Women in desperate straits take advantage of men’s inability to restrain their lust: such appears to be the lesson about love common to the two lines that have respectively produced Ruth and Boaz. But something very different happens on Boaz’s threshing floor. Ruth has been told by her mother-in-law that Boaz “will tell you what you should do.” But when Boaz awakes to discover Ruth at his uncovered feet, it is she who tells him what to do:

And he said, “Who are you?” And she said, “I am Ruth your servant. May you spread your wing over your servant, for you are a redeeming kinsman.”

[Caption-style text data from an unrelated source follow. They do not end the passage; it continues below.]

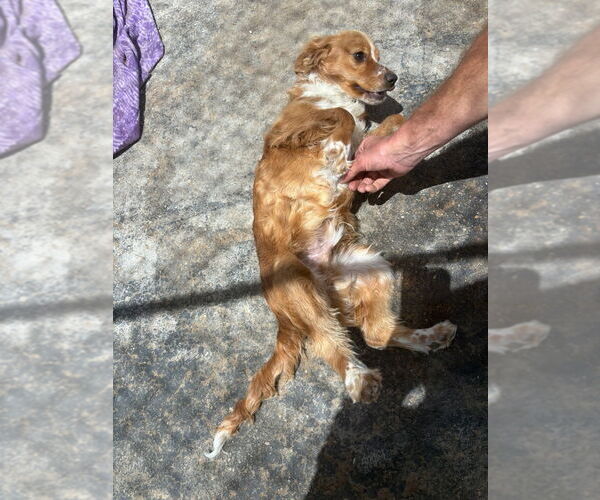 Medium Photo #2 Cavalier King Charles Spaniel-Unknown Mix Puppy For Sale in Apple Valley, CA, USA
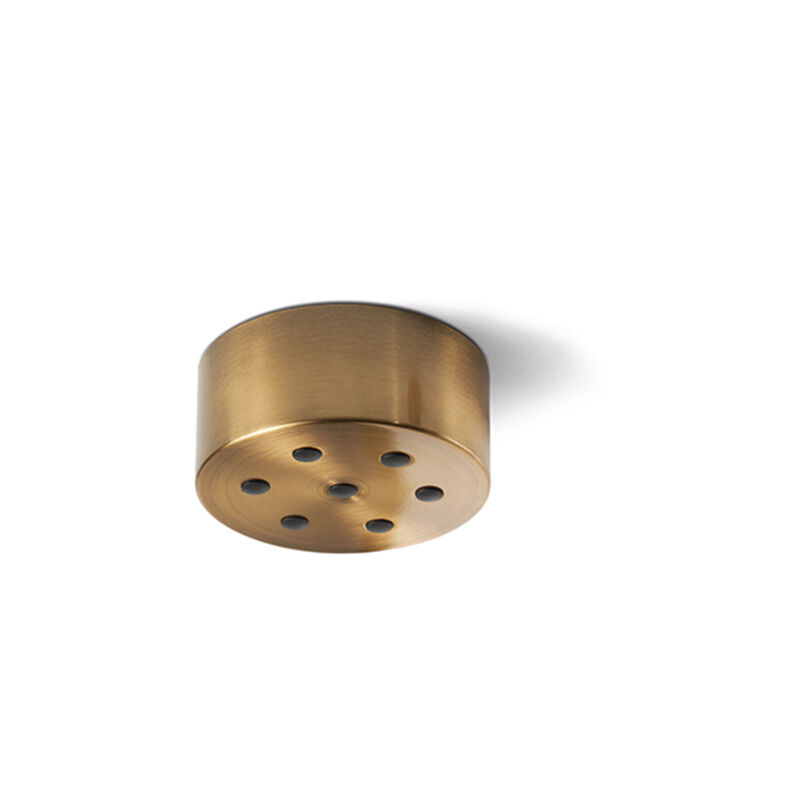 foto del prodotto rosone multicavo 7 fori in metallo ottone brunito d12cm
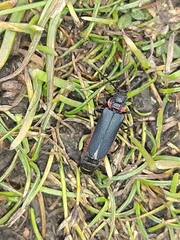 Chauliognathus magellanicus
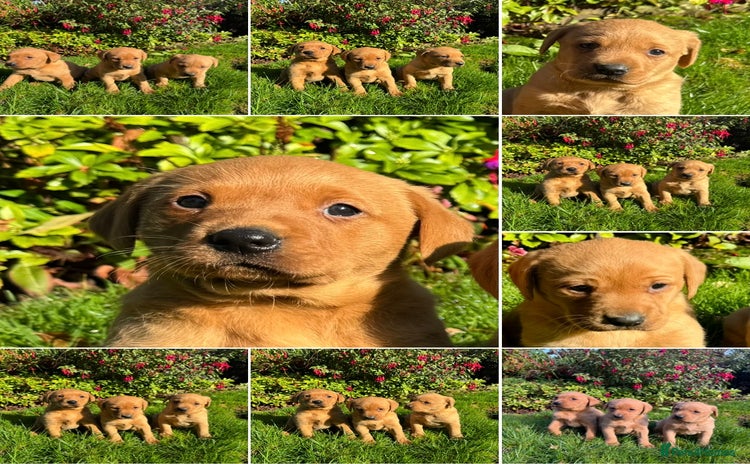 Labrador Retriever dogs - Advert 11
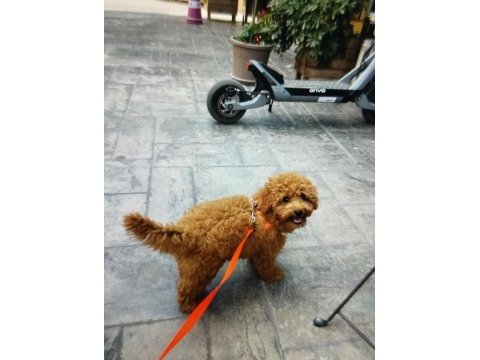 Acil toy poodle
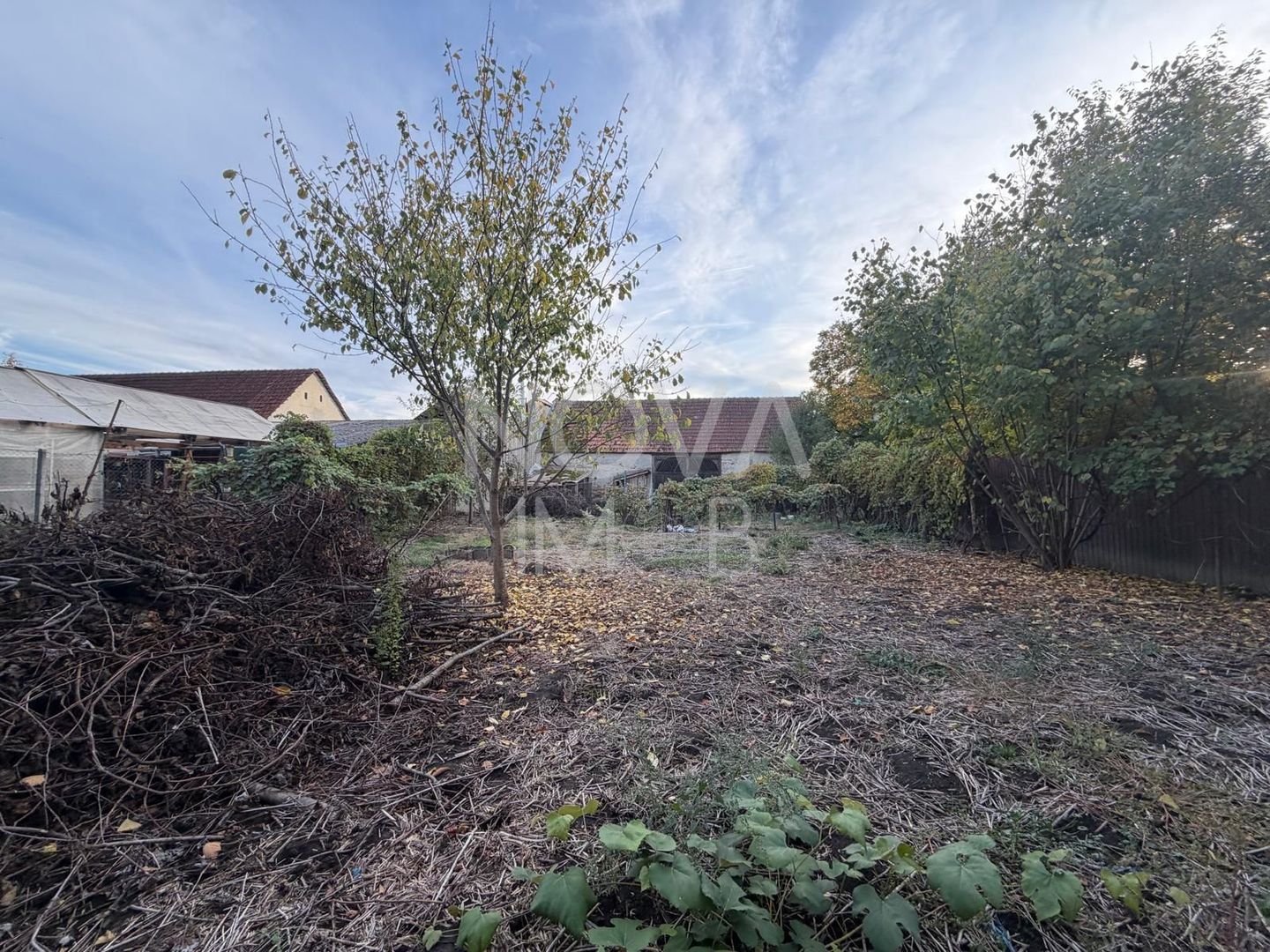 CASA DE VANZARE IN AVRIG – SPATIU GENEROS - Poză 14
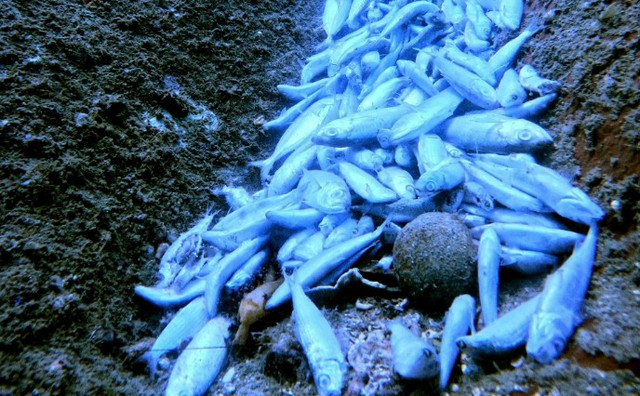 Fish die-off in Vietnam’s Khanh Hoa traced to purse seine operations: authorities - Ảnh 1.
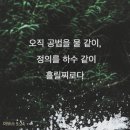 아모스의 모든것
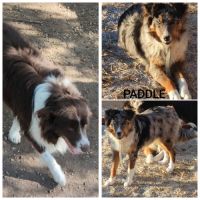 Jolis chiots border collie #1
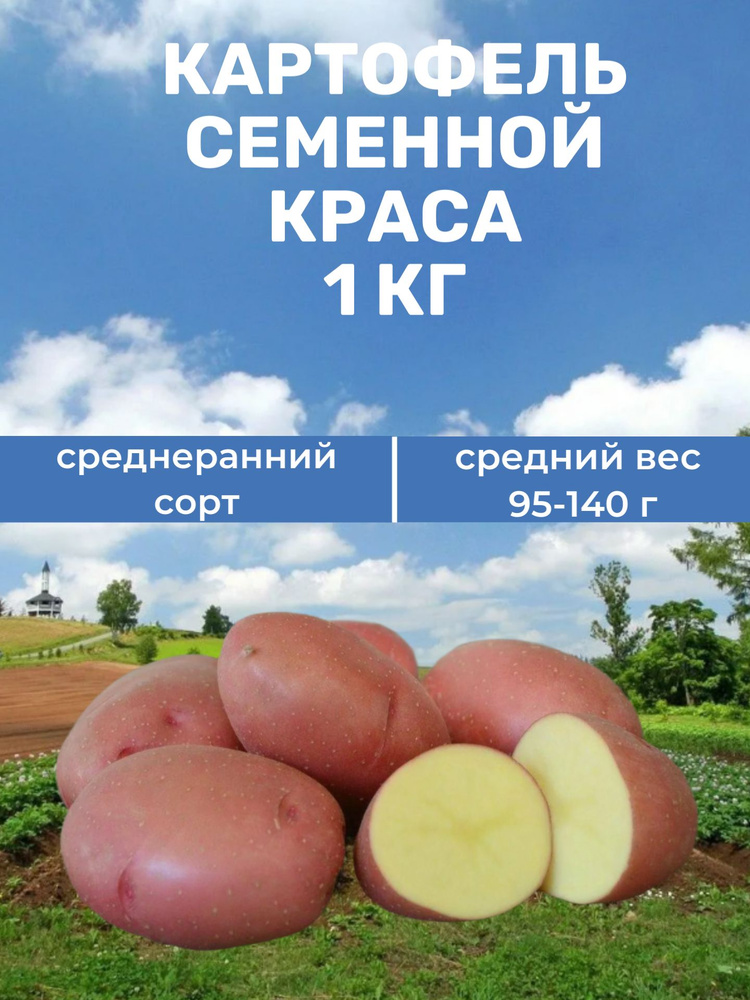 Картофель Краса #1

“May you spread your wing over your servant.” At their very first meeting, Boaz had solicitously prayed that Ruth herself be granted a complete reward “from the Lord God of Israel under whose wings you have come to shelter.” Now Ruth instructs him: it is not from God’s wings that I seek shelter and reward, but from yours. Boaz’s reply rises to and wholly matches her artful expression of high-minded affection:

And he said, “Blessed are you to the Lord, my daughter. You have done better in your latest kindness than in the first, not going after the young men, whether poor or rich. And now, my daughter, do not be afraid. Whatever you say I will do for you, for all my people’s town knows that you are a worthy woman.”

 

“A worthy woman”: eshet ḥayil—a brave, noble woman. Boaz here echoes and applies to Ruth the very description offered earlier of him. She and he are joined by a shared excellence. Eschewing the role that Naomi and her own family history have assigned to her, Ruth is no daughter of Lot; she seeks more from Boaz than a night’s encounter. Boaz’s restraint in the face of sexual temptation demonstrates that he is no Judah; he will possess Ruth only in the context of marriage and law.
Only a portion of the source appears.